### DATA IN THIS EXERCISE
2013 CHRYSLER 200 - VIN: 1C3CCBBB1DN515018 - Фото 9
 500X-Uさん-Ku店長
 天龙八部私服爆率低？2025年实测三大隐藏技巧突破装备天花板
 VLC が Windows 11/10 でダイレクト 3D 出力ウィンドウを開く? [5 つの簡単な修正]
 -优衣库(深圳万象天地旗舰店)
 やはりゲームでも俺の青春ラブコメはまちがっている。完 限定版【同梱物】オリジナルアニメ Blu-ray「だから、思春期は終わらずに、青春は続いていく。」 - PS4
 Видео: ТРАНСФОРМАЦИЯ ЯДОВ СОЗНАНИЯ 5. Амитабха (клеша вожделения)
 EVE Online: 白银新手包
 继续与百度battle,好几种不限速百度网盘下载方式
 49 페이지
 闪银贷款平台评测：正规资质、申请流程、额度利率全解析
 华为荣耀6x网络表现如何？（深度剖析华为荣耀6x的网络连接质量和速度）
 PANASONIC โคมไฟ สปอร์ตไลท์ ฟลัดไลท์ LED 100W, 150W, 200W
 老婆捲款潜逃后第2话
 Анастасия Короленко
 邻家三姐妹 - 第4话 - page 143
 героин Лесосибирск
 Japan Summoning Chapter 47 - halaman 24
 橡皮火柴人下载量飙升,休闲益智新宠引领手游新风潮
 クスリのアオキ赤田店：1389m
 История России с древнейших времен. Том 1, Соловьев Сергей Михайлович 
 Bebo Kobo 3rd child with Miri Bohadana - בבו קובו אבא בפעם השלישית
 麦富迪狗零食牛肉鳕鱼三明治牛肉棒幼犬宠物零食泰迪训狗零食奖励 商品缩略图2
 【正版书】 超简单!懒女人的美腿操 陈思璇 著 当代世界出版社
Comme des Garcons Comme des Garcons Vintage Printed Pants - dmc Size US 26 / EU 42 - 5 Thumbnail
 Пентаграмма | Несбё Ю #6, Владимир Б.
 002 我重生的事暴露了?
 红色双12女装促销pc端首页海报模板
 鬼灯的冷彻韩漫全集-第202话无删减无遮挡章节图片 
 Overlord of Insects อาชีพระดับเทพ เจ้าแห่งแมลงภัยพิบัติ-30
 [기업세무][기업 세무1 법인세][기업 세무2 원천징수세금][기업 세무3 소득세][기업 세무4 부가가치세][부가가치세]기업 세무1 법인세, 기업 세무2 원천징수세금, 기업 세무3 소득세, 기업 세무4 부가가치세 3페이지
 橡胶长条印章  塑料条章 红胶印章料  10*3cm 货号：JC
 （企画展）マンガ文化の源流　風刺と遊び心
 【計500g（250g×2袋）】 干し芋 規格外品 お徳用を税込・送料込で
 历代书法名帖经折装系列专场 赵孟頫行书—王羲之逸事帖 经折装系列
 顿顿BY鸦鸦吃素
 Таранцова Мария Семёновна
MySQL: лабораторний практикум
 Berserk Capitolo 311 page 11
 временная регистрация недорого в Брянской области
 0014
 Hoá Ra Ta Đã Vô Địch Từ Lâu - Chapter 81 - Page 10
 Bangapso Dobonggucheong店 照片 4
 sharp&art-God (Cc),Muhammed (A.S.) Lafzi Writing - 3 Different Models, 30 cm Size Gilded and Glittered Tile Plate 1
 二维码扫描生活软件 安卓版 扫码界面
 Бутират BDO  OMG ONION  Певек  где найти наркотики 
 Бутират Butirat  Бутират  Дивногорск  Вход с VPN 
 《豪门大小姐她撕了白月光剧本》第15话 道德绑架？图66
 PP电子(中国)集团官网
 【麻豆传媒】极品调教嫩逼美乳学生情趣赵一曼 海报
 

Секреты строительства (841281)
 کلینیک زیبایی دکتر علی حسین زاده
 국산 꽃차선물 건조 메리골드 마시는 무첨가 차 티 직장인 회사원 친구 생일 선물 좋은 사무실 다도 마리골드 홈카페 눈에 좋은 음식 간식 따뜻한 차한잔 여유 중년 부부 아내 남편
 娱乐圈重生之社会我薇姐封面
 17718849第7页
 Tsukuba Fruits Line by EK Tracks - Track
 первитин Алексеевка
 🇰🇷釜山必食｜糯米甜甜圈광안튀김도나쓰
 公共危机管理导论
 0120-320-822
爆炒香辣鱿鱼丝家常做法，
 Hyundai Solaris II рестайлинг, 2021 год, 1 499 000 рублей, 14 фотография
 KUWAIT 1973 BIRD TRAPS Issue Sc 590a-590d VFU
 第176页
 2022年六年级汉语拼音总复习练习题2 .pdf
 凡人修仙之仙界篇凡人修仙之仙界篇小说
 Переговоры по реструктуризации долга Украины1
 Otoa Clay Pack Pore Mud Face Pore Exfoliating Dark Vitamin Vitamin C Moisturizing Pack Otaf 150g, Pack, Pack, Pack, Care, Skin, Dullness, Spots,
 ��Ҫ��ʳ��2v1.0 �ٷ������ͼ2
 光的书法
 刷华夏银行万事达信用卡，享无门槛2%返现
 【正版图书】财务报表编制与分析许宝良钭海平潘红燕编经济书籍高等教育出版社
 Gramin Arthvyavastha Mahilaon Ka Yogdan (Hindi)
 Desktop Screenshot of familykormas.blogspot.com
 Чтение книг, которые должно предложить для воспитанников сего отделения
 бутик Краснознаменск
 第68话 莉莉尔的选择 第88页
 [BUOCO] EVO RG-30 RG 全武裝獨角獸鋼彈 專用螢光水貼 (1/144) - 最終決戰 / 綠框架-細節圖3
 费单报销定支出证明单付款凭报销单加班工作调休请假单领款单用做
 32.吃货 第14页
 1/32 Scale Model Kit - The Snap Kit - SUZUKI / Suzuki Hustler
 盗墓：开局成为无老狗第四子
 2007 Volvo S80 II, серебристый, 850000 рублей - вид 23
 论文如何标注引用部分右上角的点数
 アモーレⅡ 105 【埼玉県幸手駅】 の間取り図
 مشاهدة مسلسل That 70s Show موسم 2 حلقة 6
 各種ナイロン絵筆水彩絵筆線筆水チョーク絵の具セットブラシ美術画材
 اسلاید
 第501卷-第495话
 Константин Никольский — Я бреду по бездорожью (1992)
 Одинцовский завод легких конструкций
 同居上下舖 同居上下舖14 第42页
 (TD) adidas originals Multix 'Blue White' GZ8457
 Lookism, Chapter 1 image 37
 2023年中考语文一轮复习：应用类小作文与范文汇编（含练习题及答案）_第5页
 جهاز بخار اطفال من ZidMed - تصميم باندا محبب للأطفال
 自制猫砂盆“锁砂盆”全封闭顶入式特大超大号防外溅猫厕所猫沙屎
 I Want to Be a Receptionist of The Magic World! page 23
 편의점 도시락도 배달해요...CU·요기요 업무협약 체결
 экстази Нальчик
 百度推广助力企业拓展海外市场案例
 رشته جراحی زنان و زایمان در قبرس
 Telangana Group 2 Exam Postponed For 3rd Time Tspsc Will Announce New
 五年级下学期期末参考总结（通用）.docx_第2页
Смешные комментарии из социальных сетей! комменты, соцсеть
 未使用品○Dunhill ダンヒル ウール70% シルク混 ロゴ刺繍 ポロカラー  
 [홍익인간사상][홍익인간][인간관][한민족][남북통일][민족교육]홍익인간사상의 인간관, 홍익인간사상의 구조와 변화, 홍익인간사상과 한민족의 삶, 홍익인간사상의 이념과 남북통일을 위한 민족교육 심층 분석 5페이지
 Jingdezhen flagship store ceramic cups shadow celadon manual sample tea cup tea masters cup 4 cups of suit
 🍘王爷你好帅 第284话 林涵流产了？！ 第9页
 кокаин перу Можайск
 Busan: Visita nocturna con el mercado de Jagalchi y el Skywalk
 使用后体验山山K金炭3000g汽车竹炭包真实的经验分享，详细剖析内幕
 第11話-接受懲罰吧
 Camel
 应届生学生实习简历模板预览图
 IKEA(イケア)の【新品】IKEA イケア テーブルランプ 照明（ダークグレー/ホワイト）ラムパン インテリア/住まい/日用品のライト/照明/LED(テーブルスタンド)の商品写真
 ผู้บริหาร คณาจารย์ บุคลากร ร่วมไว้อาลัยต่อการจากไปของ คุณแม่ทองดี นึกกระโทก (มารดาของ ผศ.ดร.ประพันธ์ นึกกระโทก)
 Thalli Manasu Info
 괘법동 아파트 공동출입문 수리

### TO DO
Your answer should be one number: how many lines in the material hold the word "рублей".

### SOLUTION BELOW
2